As another example, the observation that the amount of nitrous acid in the atmosphere greatly increases during the day led to insight into the surface photochemistry of humic acids and soils and an explanation for the original observation [157]. Fluctuations such as this are often a clue to the existence of photochemical reactions, which operate only during the day. Diurnal photogeochemical cycles often have a significant influence on the amounts of redox-sensitive elements in aqueous environments [70, 158–160]. Furthermore, multiple elemental cycles can be linked via photoreactions that directly affect both elements, as occurs during the concurrent oxidation of organic matter and reduction of iron [92]. The effect of light on one element can also indirectly affect other elements: a daily cycle of photoreduction, reoxidation, and precipitation of iron(III) species affects dissolved As, Cu, and P, which adsorb to iron(III) oxides as they reappear at night and may be subsequently released the next day upon photoreduction of the same iron oxides [158, 159, 161].

Contextualization of nonnatural photoreactions

Although photogeochemistry describes reactions among substances known to occur naturally, studies of similar substances may nonetheless point towards greater understanding of natural processes.

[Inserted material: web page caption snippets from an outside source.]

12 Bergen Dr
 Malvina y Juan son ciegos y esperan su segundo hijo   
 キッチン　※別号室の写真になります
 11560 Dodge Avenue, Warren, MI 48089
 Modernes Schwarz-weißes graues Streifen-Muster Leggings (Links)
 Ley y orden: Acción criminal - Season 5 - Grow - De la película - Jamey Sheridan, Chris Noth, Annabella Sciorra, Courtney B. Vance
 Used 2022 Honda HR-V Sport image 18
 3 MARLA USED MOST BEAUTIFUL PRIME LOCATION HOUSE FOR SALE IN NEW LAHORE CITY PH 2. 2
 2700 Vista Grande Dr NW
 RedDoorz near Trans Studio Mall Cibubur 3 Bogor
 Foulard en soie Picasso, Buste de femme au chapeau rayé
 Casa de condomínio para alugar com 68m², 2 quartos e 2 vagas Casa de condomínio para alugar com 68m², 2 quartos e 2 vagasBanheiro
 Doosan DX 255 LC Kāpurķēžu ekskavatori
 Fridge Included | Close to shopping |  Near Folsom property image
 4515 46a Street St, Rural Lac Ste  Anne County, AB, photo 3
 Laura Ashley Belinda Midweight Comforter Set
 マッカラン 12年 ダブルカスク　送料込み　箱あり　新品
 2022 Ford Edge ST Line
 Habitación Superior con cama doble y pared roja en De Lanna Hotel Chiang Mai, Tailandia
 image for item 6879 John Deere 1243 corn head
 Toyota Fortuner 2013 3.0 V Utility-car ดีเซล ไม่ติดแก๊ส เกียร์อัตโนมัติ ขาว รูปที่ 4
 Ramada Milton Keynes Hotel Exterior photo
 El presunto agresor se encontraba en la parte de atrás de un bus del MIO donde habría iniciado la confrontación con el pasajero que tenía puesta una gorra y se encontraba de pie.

A general example demonstrates this: it has been shown that samples of clay minerals found in soils can accelerate the photodegradation of synthetic chemicals via production of reactive oxygen species [e.g., 86]; it may therefore be assumed that many naturally occurring compounds are similarly affected. The conversion of N₂ to NH₃ and NO₃ ⁻ has been observed upon irradiation with visible light in the presence of Fe₂Ti₂O₇ [162, 163]. While such a compound is not known to occur naturally, it is related to known minerals like ilmenite (FeTiO₃), ulvospinel (Fe₂TiO₄), pseudorutile (Fe₂Ti₃O₉), and various titanium-substituted iron oxides, and can form when ilmenite is heated [162, 164]; these naturally occurring minerals might therefore also react with N₂ under certain conditions.

Outlook

Principles of photochemistry can be readily merged with geochemistry in investigation as well as education. Given the broad response of natural substances to light, recognizing photochemical reactions in the environment is part of understanding its fabric of interconnected processes, particularly on land, where this has not been explored as much as in water or the atmosphere. As remarked by Formenti and Teichner [40] concerning heterogeneous photochemistry, “there are so many different possibilities”, an outlook reiterated by Cooper and Herr [165] for aqueous photochemistry which is easily extended to photogeochemistry: “there are a seemingly endless number of combinations and permutations to study.” This does not enjoin an unattainable research agenda, but rather affirms ample opportunity for geoscientists to incline their curiosity toward what happens on Earth when the sun appears.